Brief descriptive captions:
• • • • • • •

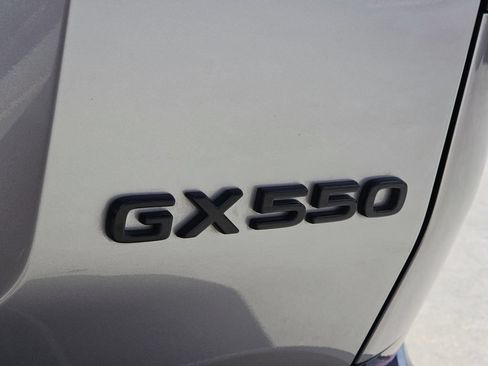 Used 2024 Lexus GX 550 w/ Accessory Package (Z1) AWD/4WD image 10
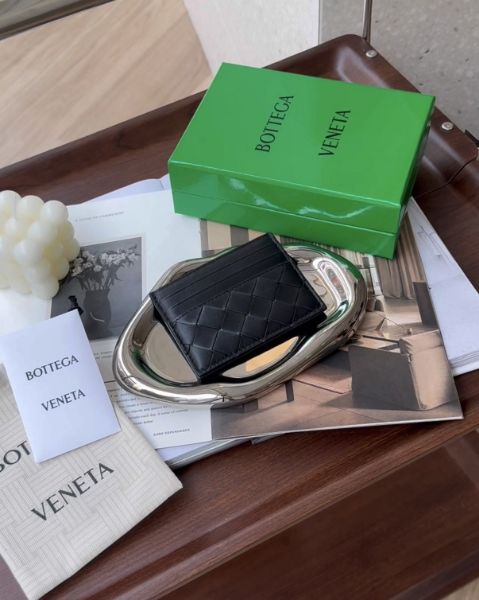 圖片 【BV】中編織皮革雙面卡夾 黑色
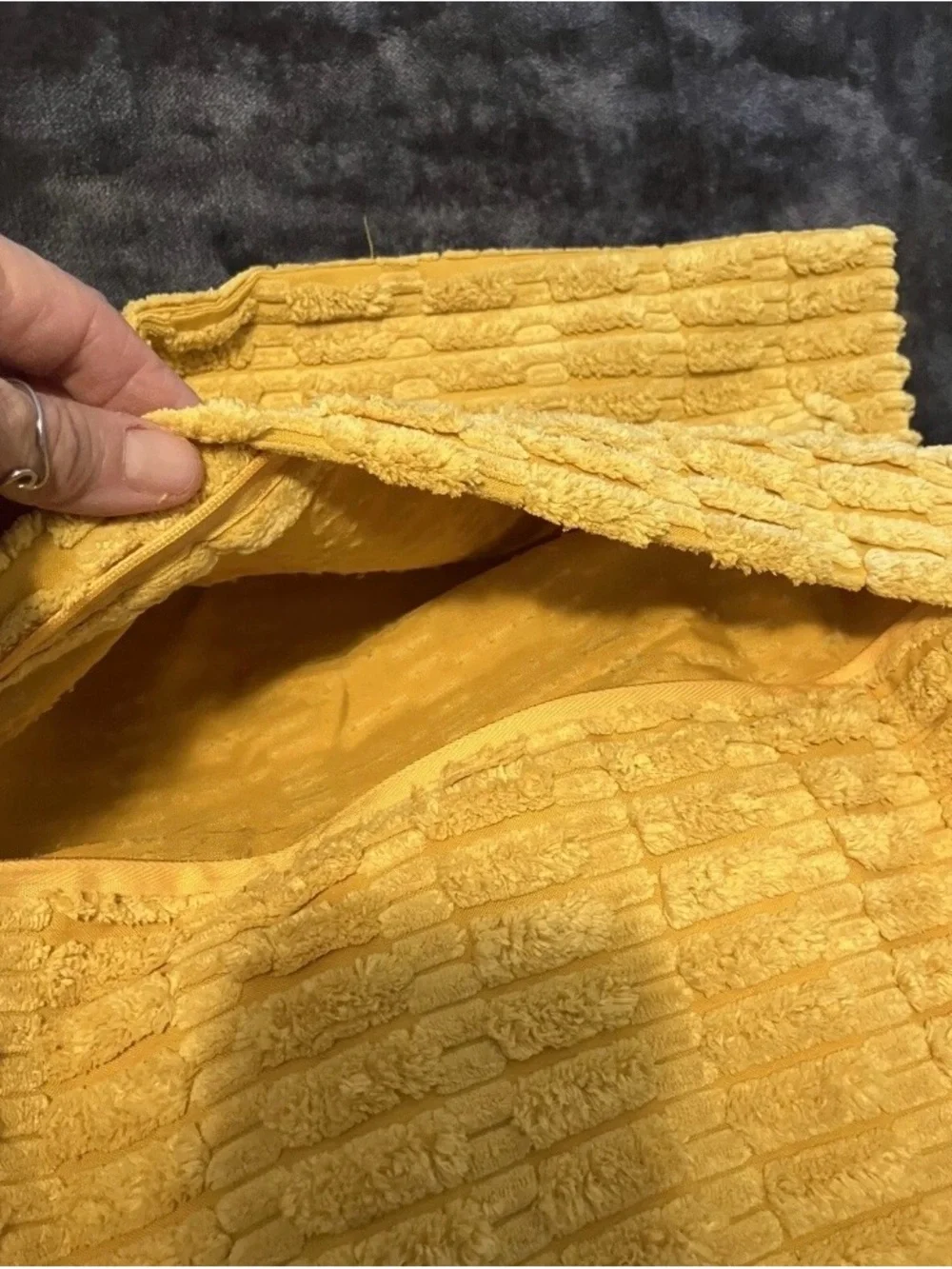 Unbranded set mustard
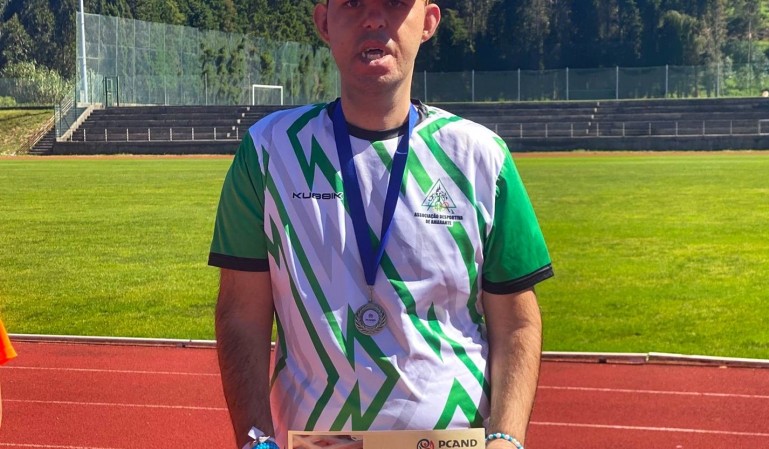 Atleta João Sousa vence prova dos 100 metros no 1.º Encontro de Tricicleta, no Luso 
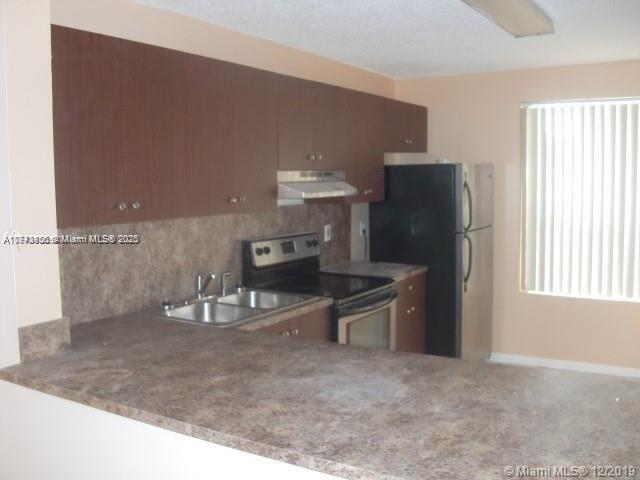 2204 SW 81st Ave, Unit 102-14 in Miramar, FL - Building Photo - Building Photo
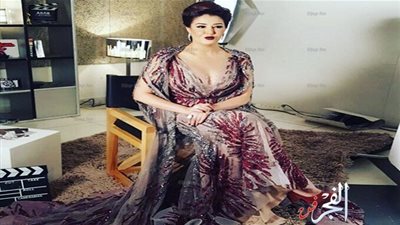 غادة عبدالرازق بإطلالة جديدة (صور)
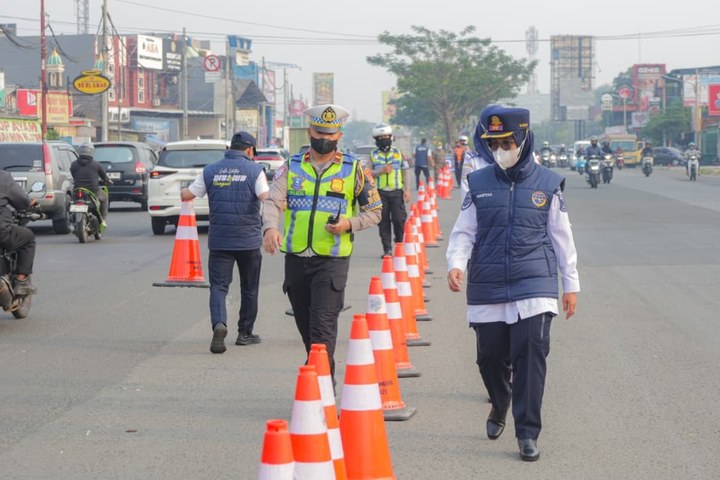 Featured image of post Uji Coba 3 Hari Berhasil, Dua U-Turn di Jalan Rawa Buntu Tangsel Bakal Dipermanenkan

• • • • • • •

## Assignment
Beginning with the line that contains "Unbranded set mustard", repeat every remaining line of the data exactly, the last line included, and omit pictures.

## Exercise response
 Unbranded set mustard
 Atleta João Sousa vence prova dos 100 metros no 1.º Encontro de Tricicleta, no Luso 
 2204 SW 81st Ave, Unit 102-14 in Miramar, FL - Building Photo - Building Photo
 غادة عبدالرازق بإطلالة جديدة (صور)
 Featured image of post Uji Coba 3 Hari Berhasil, Dua U-Turn di Jalan Rawa Buntu Tangsel Bakal Dipermanenkan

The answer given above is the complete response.